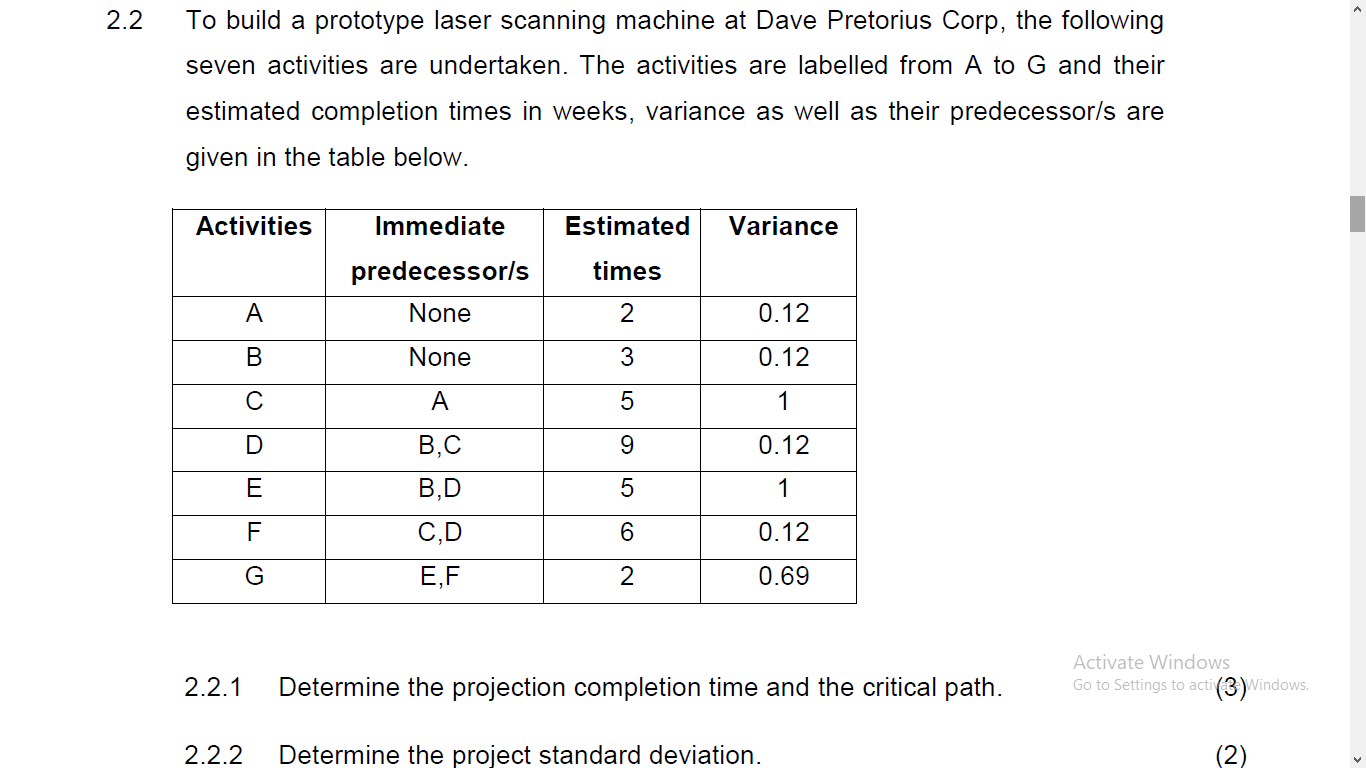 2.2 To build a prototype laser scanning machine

==

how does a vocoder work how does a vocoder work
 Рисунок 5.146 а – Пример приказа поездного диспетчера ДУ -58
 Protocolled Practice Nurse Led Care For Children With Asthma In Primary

Work order: All lines in the listing above between the line with "how does a vocoder work how" and the line with "Protocolled Practice Nurse", inclusive, should be set down exactly, and no line outside that range.

Answer:
how does a vocoder work how does a vocoder work
 Рисунок 5.146 а – Пример приказа поездного диспетчера ДУ -58
 Protocolled Practice Nurse Led Care For Children With Asthma In Primary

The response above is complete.